They are operating divisions of the same corporation which has a unified management.

I don’t mean to imply or concede that the case would necessarily be different if it were — if they were subsidiary corporations but they’re not.

McKesson also claims support for the view that Congress wouldn’t have wanted to preclude the dual manufacturer, that is the manufacturer who operates also as a wholesaler, wouldn’t have wanted to preclude it from using fair trade, claims support for that in legislative history.

Now, before turning, as I will very briefly, in a moment to the committee reports and the debates, I would like to emphasize two background facts which we think are key importance if there’s any necessity at all in this case of looking the legislative history.

The first is, that all of the states which have fair trade laws, have in those laws phrases similar to what appears in this proviso paragraph.

All of them state, that agreements between wholesalers, between producers, between retailers are not permitted.

There’s some — there are some variations in language.

Some say between wholesalers, others between, and among, and so on.

But they all have comparable language.

The Federal Act took over that language and it added the further final phrase or between persons, firms, or corporations in competition with each other.

Now, that last phrase was added, as Senator Tydings stated, was added to the Miller-Tydings bill at the suggestion of the Attorney General to remove certain objections which he had and for purposes of clarity.

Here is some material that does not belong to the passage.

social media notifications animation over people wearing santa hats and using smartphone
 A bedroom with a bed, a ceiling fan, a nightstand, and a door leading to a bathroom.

But the point I would emphasize particularly here, is that we don’t have, in this case, a situation like — well, a situation where it can be argued as it was in the Schwegmann case.

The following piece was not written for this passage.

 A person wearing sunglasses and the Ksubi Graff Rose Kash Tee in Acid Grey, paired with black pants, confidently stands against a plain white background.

That the Federal Act needs to be broadly interpreted in order to give play to the basic scheme of the state laws, because the fact here is, that all of the state laws have comparable language and have had since their inception.

Now, there’s a second point which stands out from the standpoint of history.I’ve already alluded to it.

And that is that the present suit was filed in 1951 and it was publicly announced by the Attorney General at that time.

It was filed, that is to say, after Miller-Tydings and before McGuire.

Ralph S. Spritzer:

And as I’ve also indicated the Assistant Attorney General in charge of antirust called the attention of this suit to the congressional committee in the course of his testimony which dealt with many faces of the McGuire Act.

Now, the Committee didn’t comment on that, didn’t comment on this suit and we don’t —

What was the — what was his comment that call your attention (Inaudible)

Ralph S. Spritzer:

I don’t think that I — that the context clearly shows that.

He was talking about many aspects of fair trade and he did in the course of his testimony and we’ve given the full references to the Court in our brief, refer to this suit and indicate its nature.

Now, I’m not attempting to put more weight on that than it can bear.

I don’t say that Congress said we approved.

It’s a fine thing you brought a suit.

It didn’t.

It didn’t make any comment one way or the other in the committee report.

Now, all we’re saying is that Congress was on notice and that this was one aspect of the Miller-Tydings Act that it didn’t choose to change.

We’ve discussed in our brief at some length the committee reports and the debate on Miller-Tydings and the McGuire Act, I only attempt to indicate very briefly here of what we think is shown.

The proviso paragraph wasn’t added to Miller-Tydings until the bill reached the floor.

And probably, as a result of that, there was very little comment in the committee report.

In any event all that the committee report say is that — well, it paraphrased the proviso and then add the comment that horizontal contracts are not authorized.

I didn’t understand those words —

Ralph S. Spritzer:

They had the comment that horizontal agreements are not authorized.

Judge Murphy summarized the legislative history in his opinion.

He said he found it wholly unilluminating.

He stated, and we think quite correctly on this point, that the committee reports have language, such that I’ve just indicated, reflecting a general disapproval of agreements between competitors, but they do not have anything concretely discussing the situation in which the dual entrepreneurs, that is the company like McKesson finds it here.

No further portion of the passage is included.